→ **Records supplied**:
++++++++++++++++++++

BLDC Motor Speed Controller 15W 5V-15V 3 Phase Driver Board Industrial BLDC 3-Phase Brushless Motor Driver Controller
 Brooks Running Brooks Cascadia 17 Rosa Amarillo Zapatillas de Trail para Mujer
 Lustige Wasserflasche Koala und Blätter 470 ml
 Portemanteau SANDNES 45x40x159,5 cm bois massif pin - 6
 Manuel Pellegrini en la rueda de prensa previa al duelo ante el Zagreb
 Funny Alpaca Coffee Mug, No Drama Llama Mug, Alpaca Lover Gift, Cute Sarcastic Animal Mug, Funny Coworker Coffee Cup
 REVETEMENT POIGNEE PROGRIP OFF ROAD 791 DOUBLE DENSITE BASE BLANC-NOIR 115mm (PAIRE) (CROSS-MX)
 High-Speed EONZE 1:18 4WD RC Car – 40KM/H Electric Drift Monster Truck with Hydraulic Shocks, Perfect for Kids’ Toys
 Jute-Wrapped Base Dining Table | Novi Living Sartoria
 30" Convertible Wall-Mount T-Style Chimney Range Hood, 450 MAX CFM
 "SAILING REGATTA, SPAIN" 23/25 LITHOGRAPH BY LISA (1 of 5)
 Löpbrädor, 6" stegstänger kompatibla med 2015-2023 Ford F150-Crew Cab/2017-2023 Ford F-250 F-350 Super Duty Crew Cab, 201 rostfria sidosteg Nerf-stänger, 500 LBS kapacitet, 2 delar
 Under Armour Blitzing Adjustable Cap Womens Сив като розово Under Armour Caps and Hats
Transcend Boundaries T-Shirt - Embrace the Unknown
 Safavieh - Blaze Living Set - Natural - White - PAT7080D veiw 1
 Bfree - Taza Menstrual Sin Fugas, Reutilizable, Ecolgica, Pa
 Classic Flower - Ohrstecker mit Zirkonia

++++++++++++++++++++

→ **Activity**: How many lines of the material contain the string "Living"? Answer with that number alone.

→ **Written answer**: 2